How To Audit AMP Using The SEO Spider
This tutorial walks you through how you can use the Screaming Frog SEO Spider to audit Accelerated Mobile Pages (AMP) quickly and efficiently. The SEO Spider uses the official AMP validator to allow bulk validation of URLs.
To get started, you’ll need to download the SEO spider which is free in lite form, for up to 500 URLs. You can download via the buttons in the right hand side bar. Crawling AMP URLs via the rel=”amphtml” link tag, requires paid access. However, you can upload a list of AMP URLs in the free version and analyse and validate them as well.
The SEO Spider will find AMP URLs, report on common SEO issues and validate them by checking on required HTML mark-up, prohibited HTML elements as per the specifications and more.
You have two options to analyse and validate AMP, which you can skip to the relevant section by clicking on your preference below –
Crawl A Site To Audit AMP
This section of the guide shows how to set-up a crawl to discover AMP URLs, audit and validate them.
1) Enable ‘Crawl’ and ‘Store’ AMP under ‘Config > Spider > Crawl’
2) Crawl The Website
Open up the SEO Spider, type or copy in the website you wish to crawl in the ‘enter url to spider’ box and hit ‘Start’.
The website will be crawled and AMP URLs will be discoverd via any rel=”amphtml” link tags within the HTML. Wait until the crawl finishes and reaches 100%.
3) View The AMP Tab
The AMP tab will show any AMP URLs discovered. It has has 17 filters (as shown in the image below) that help you identify common SEO or validation issues.

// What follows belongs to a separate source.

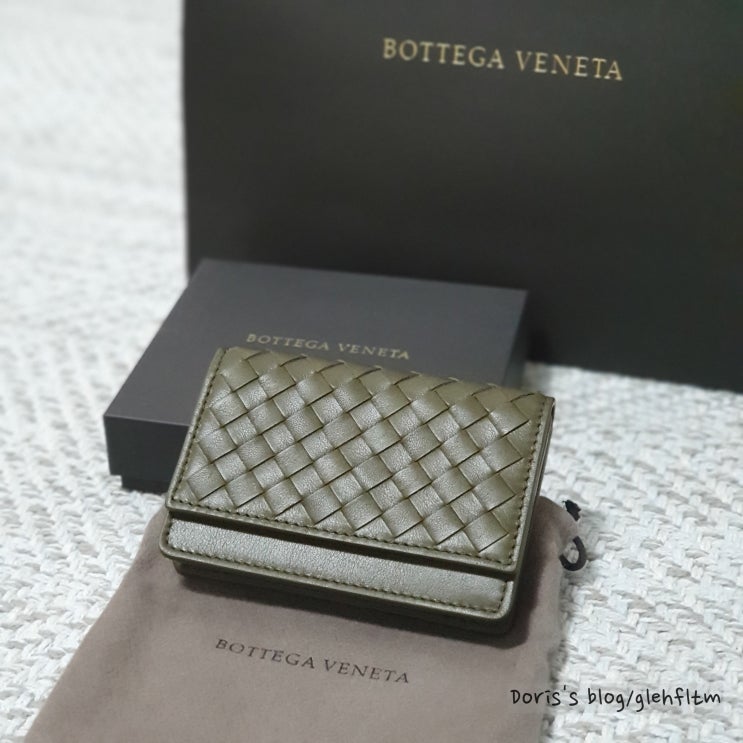  보테가베네타 BOTTEGA VENETA 133945 V001U 1000 인트레치아토 나파 폴드 카드지갑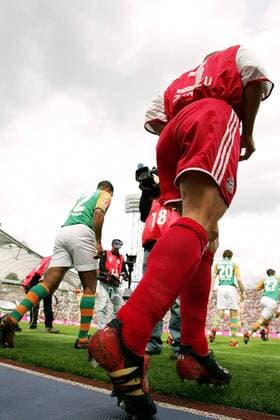 Die Teams aus Bayern und Bremen betreten zum Saisonendspiel den Platz Fußball 1. BL Herren Saison 2003 2004, FC Bayern München - SV Werder Bremen 1:3, Vdig Gruppe München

15 of the filters are available to view immediately during or at the end of a crawl. However, a couple of the filters require calculation at the end of the crawl via post ‘ Crawl Analysis ‘ for them to be populated with data (more on this in just a moment).
The right hand ‘overview’ pane, displays a ‘(Crawl Analysis Required)’ message against filters that require post crawl analysis to be populated with data.
4) Click ‘Crawl Analysis > Start’ To Populate AMP Filters
To populate these two AMP filters you simply need to click a button to start crawl analysis .
However, if you have configured ‘Crawl Analysis’ previously, you may wish to double check, under ‘Crawl Analysis > Configure’ that ‘AMP’ is ticked.
You can also untick other items that also require post crawl analysis to make this step quicker.
When crawl analysis has completed the ‘analysis’ progress bar will be at 100% and the filters will no longer have the ‘(Crawl Analysis Required)’ message.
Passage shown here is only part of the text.